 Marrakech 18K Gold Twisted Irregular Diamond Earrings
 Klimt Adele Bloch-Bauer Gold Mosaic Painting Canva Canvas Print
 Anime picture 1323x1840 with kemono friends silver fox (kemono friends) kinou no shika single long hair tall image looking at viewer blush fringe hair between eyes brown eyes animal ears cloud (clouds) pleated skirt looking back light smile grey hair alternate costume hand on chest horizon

==================================================

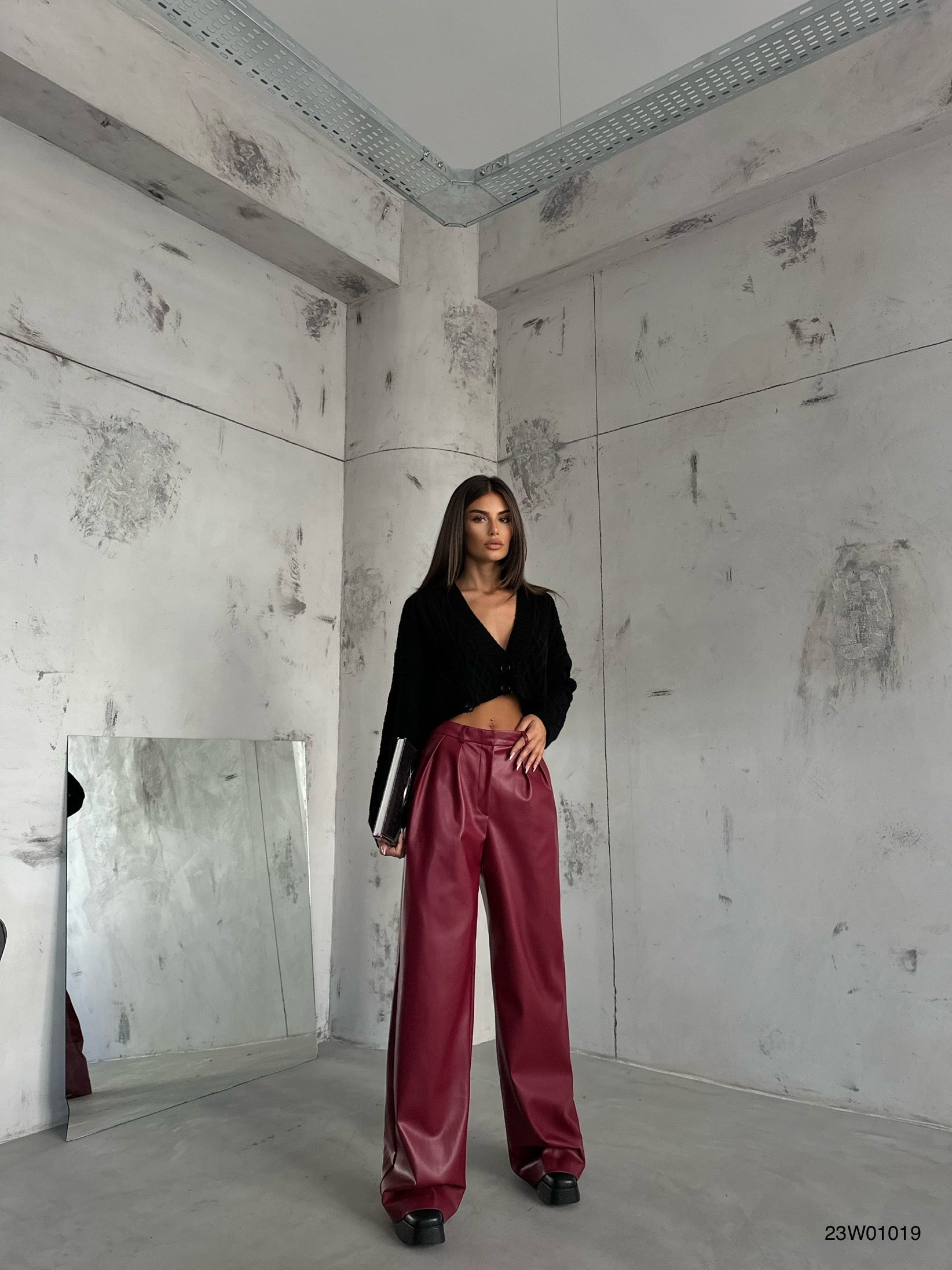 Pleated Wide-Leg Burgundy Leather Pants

==================================================

What is needed: Take exactly the lines from the one containing "Marrakech 18K Gold" through the one containing "Klimt Adele Bloch-Bauer" in the data above, and output them with nothing added.

Answer for the task:
 Marrakech 18K Gold Twisted Irregular Diamond Earrings
 Klimt Adele Bloch-Bauer Gold Mosaic Painting Canva Canvas Print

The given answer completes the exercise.